I know, I know….Bluenose weekend is about two weeks away, what in the world am I doing thinking and preparing now? Two weeks for our family is a lot of time – a lot will happen and need to be done. Normal daily chores of laundry, dishes, work and everything else that happens daily between sun up and sun down, new spring projects like setting up my garden boxes, and of course all the unplanned fun and excitement that comes along. So, why is the race weekend on my mind now? (Wanna know a secret? So is Maritime Race Weekend and that’s not until September!)
I’m not sure if other runners do this or if this is just my anxiety that requires me to plan ahead but I’m already there…at the start line while I fold laundry, meeting runners at the volunteering booth as I scroll through social media, finding the energy to climb THAT hill in Point Pleasant Park when I’m tired and frustrated but still have hours in the day, cheering on the 5 KM finishers as they reach their goals, and happily turning the corner just before the finish line. My mind wanders to race weekend all day long.
The one thing that keeps swirling through my mind and has already caused a pre-race freak out (thanks to Michelle and Vanessa for talking me through it) is my pace and finish time. I feel like I’m sitting on a swing at the playground when it comes to this topic going back and forth, back and forth. I do this every time!

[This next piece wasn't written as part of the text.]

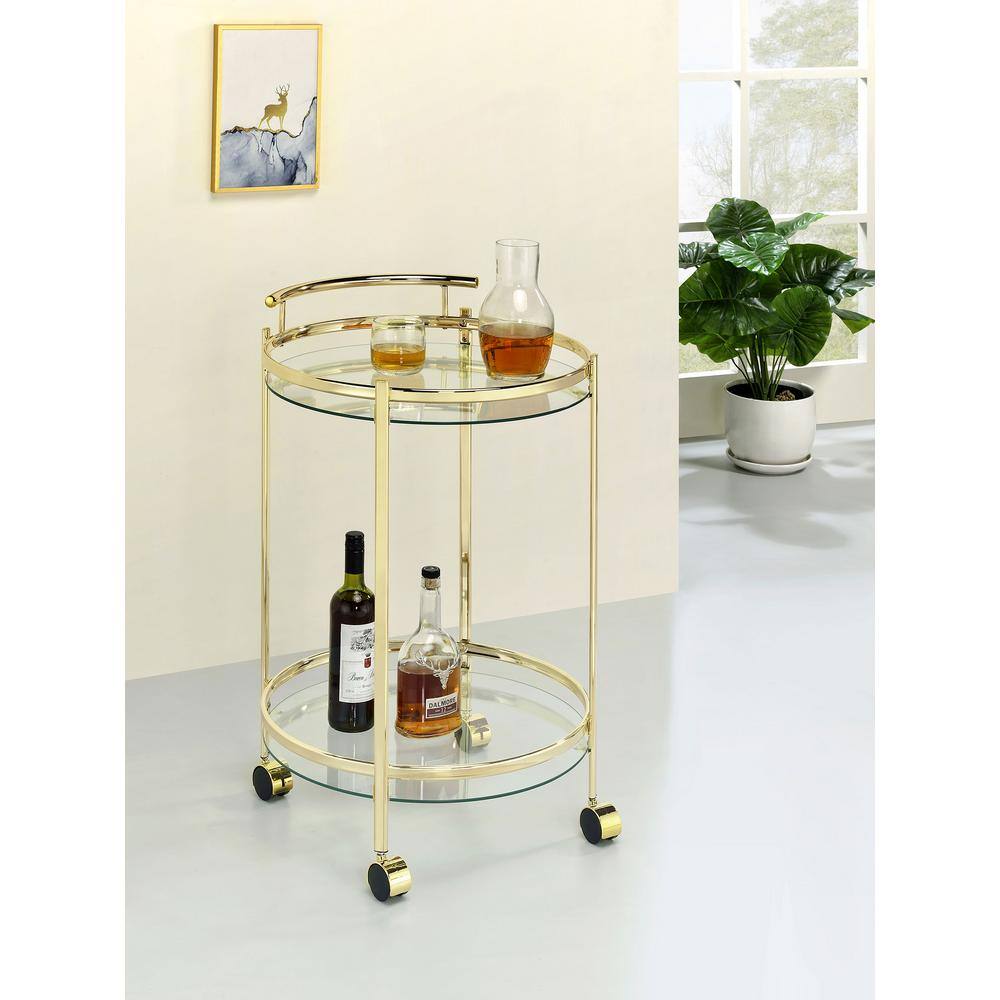 Luxe Modern 31" Gold Metal and Glass Round Bar Cart with Lockable Casters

One day, I can’t wait to push myself and have a great fast (for me) race. I’m not anywhere as fast as I was before the stress fracture last summer but the speed is coming back naturally with every training session. I feel so strong after a run that still has tons of juice in the tank that could have been used to speed up a pace. These days I’m flying forward on that swing!

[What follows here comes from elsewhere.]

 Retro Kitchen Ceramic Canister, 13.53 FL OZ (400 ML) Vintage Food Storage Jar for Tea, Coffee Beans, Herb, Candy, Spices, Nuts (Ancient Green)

The next day could be a totally different story. I could be having a challenging day with my back or knee (I have scoliosis and an old ACL tear that was never repaired) and I start doubting the training and my own strength. I am quickly reminded that just last summer I wore an annoying boot while recovering from an injury that I most likely caused by pushing too far too fast. In those moments, I am swinging backwards and pulling away with fear. Those days my race plan could very easily be a casual walk to the finish line.
I suppose that letting my mind spend some time on the swing set before race day is a good thing. I have time to figure out the balance and where I will be on the pendulum when the guns are fired at the starting line. I can figure out what a balance of courage, strength, and knowledge of my own bodies limits will look like for this race.
I ride this swing before every race. At first the swing had long ropes and the ride was wild and high – back and forth. The ropes have shortened with every race. The ride not quite as wild but it’s still swinging. Good luck to those around me who get to ride the swing with me, your support is necessary and appreciated. Thank you! 13 big sleeps until the start line!